Was just casually (well ok maybe it’s more compulsive than that) browsing HN and was pleasantly surprised to find tus on the front page. I’m one of the core contributors and happy to answer questions. Although it’s late here so it may take a few hours while I’m asleep :)

geekodour · on Nov 23, 2018

I have not looked into tus properly yet. but how does this compare with bittorrent seeding and can both be combined somehow?

kvz · on Nov 23, 2018

People ask that more yes, on the surface they have a lot in common. Both can be used to transmit huge files, both can chunk files up and only transmit remaining parts, and pick up and resume at a later point in time, and (in case of tus optionally with the Concat extension) send these chunks simultaneously.
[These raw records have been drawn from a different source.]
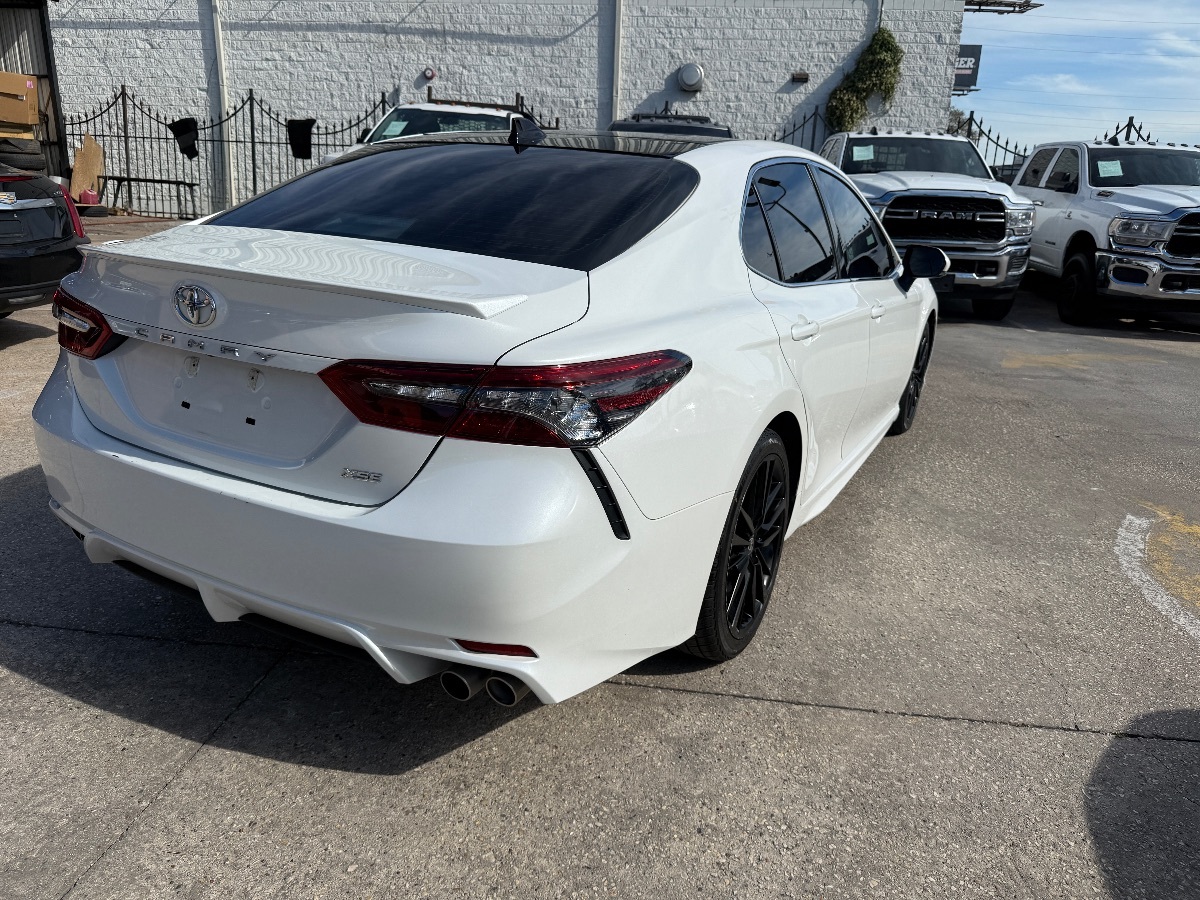 2022 Toyota Camry XSE photo 4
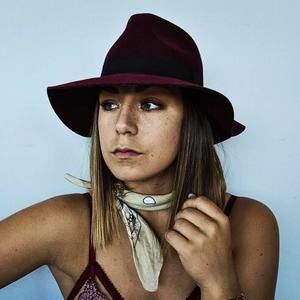 Meet your Posher, Eliza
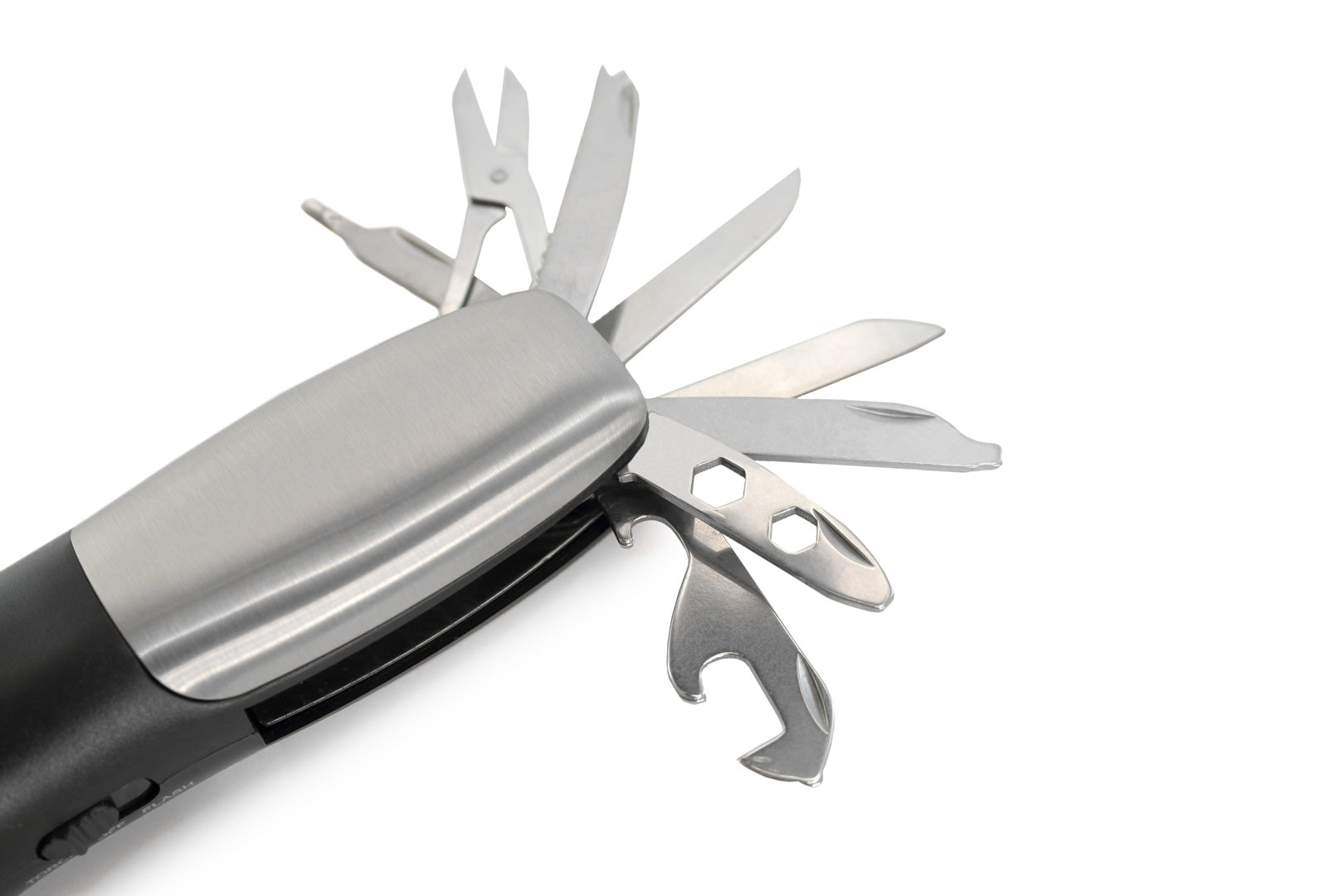 Equipée de 12 fonctions, incluant tournevis, couteaux, clés, ciseaux et outils d'ouverture pour une polyvalence maximale.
Tus however works as a thin layer on top of HTTP, so it’s easy to drop into existing web sites/load balancers/auth proxies/firewalls. BitTorrent ports are often closed off on airports/hotels/corporate networks. But websites work. And if you can access a website, you will be able to upload files to it with tus.
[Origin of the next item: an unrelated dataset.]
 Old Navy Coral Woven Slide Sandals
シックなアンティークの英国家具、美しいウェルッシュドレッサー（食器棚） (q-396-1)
Another difference is that tus assumes classic client/server roles. The client uploads to the server. Downloading is done via your regular http stack and not facilitated by tus. BitTorrent facilitates both uploading and downloading in single clients. It is more peer-to-peer and decentralized in nature, where tus clients typically upload to a central point (like: many video producers upload to Vimeo. Not very contrived as Vimeo adopted tus).

There are more differences (Discoverability, trackers, pull vs push, pulling from many peers at once) but the comment is getting very long so I hope this already helps a bit :)
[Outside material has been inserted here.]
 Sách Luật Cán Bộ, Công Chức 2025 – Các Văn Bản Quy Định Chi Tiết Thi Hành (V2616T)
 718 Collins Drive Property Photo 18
Happy to dive deeper into this at request tho :)

chillaxtian · on Nov 22, 2018

S3 Multi-Part Upload API can be used to chunk an object into smaller parts, which can succeed or fail independently.

https://docs.aws.amazon.com/AmazonS3/latest/dev/mpuoverview....

kvz · on Nov 23, 2018

Yes that is very helpful. Our s3 storage backend for tusd uses it, and our https://uppy.io file uploader does too, usable directly from the browser (so you can choose to not use tus at all with it). S3 resumable uploads do come with a few limitations that make some people still choose tus tho:

* chunks need to be >5MB which can be problematic on flaky/poor connections (rural areas, tunnels, clubs/basements, people on the move switching connections all the time)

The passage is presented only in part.